:: Exercise requirements ::
Give back an exact copy of the listing that follows, without the pictures.

:: Data shown ::

┌────────

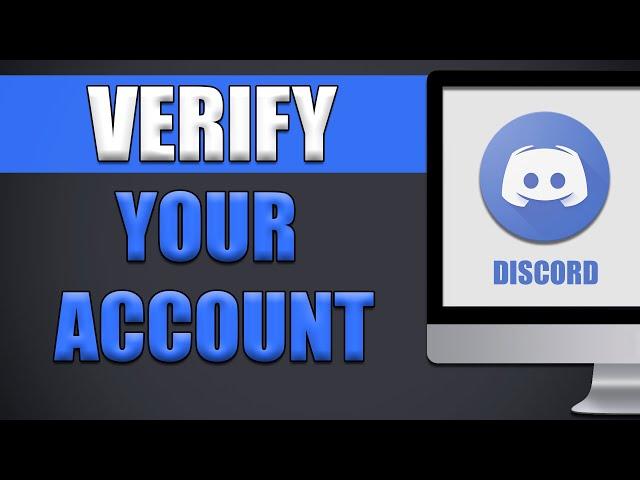 How To Verify Your Discord Account [NEW TUTORIAL 2023]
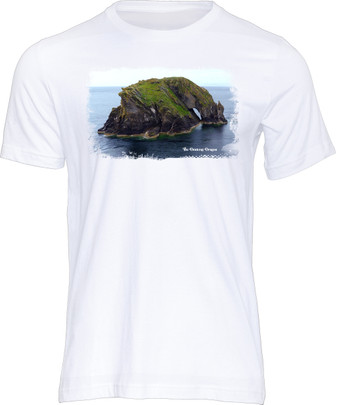 The Isle of Man boasts a stunning coastline of cliffs, footpaths and sandy beaches and just off the coast in the South of the island, there is a stunning outcrop of rock known locally as "The Drinking Dragon".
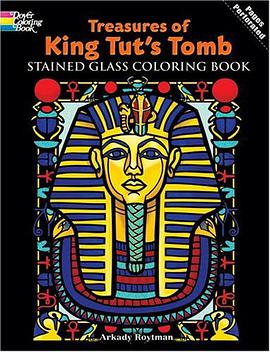 Treasures of King Tut's Tomb Stained Glass Coloring Book pdf epub mobi 电子书 下载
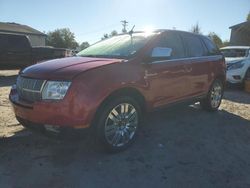 Lincoln salvage cars for sale: 2009 Lincoln MKX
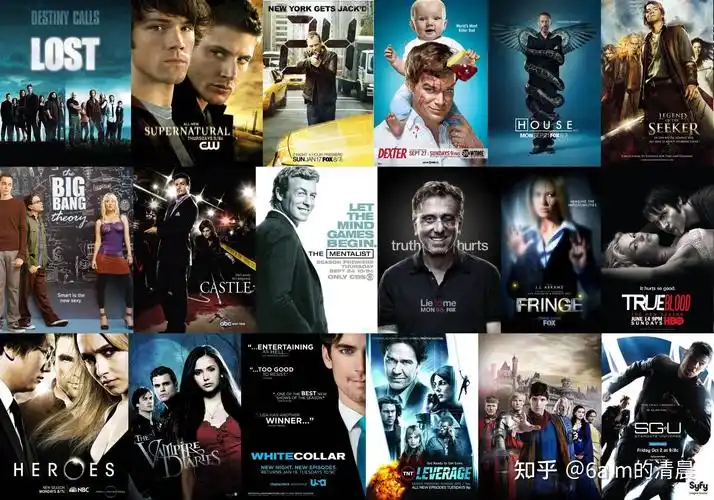 这几部高分美剧不输电影值得熬夜刷的好剧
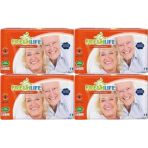 Freshlife Yetişkin Hasta Bezi Belbantlı Xl Ekstra Büyük Boy 30Lu Paket 4 Adet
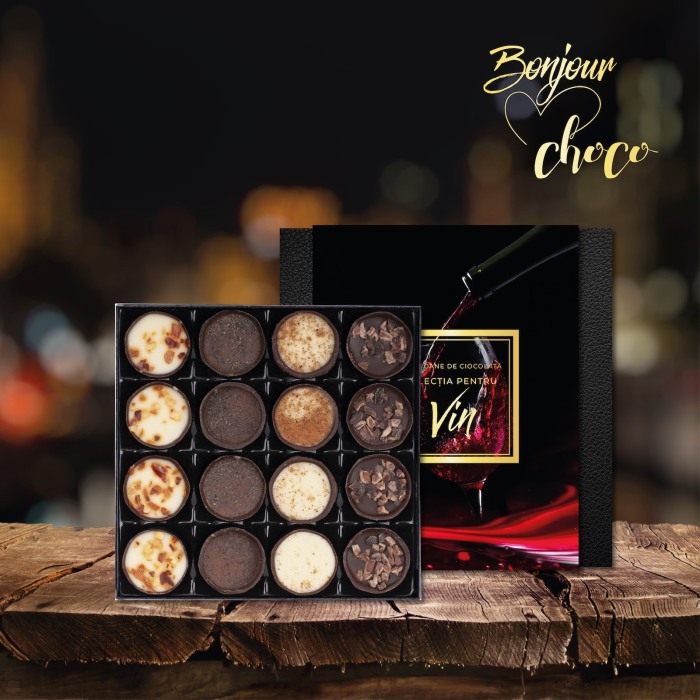 Colecția pentru vin - Bomboane ciocolată pentru vin [4]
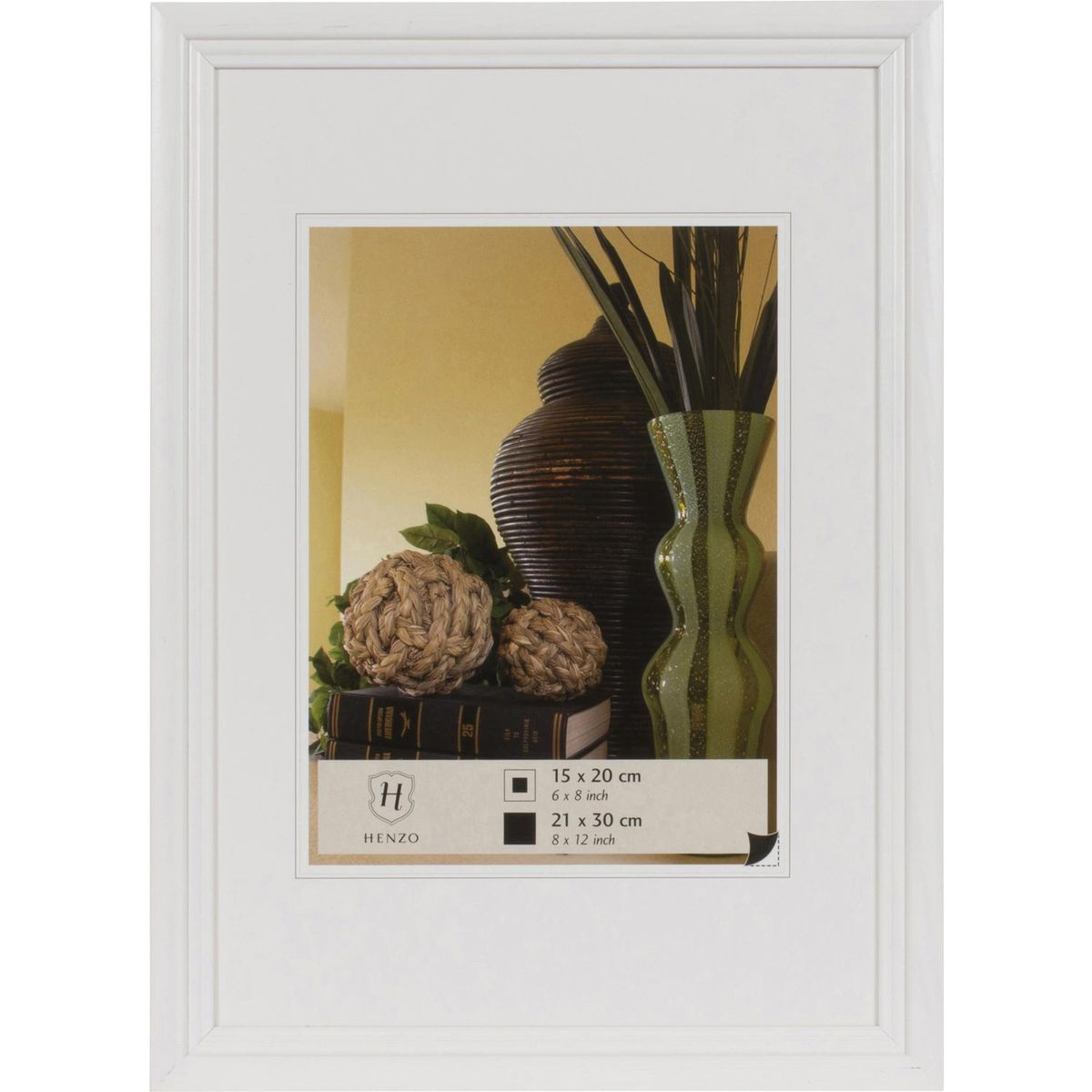 Henzo Frame 21x30 Artos White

└────────

:: Exercise answer ::
 How To Verify Your Discord Account [NEW TUTORIAL 2023]
 The Isle of Man boasts a stunning coastline of cliffs, footpaths and sandy beaches and just off the coast in the South of the island, there is a stunning outcrop of rock known locally as "The Drinking Dragon".
 Treasures of King Tut's Tomb Stained Glass Coloring Book pdf epub mobi 电子书 下载
 Lincoln salvage cars for sale: 2009 Lincoln MKX
 这几部高分美剧不输电影值得熬夜刷的好剧
 Freshlife Yetişkin Hasta Bezi Belbantlı Xl Ekstra Büyük Boy 30Lu Paket 4 Adet
 Colecția pentru vin - Bomboane ciocolată pentru vin [4]
 Henzo Frame 21x30 Artos White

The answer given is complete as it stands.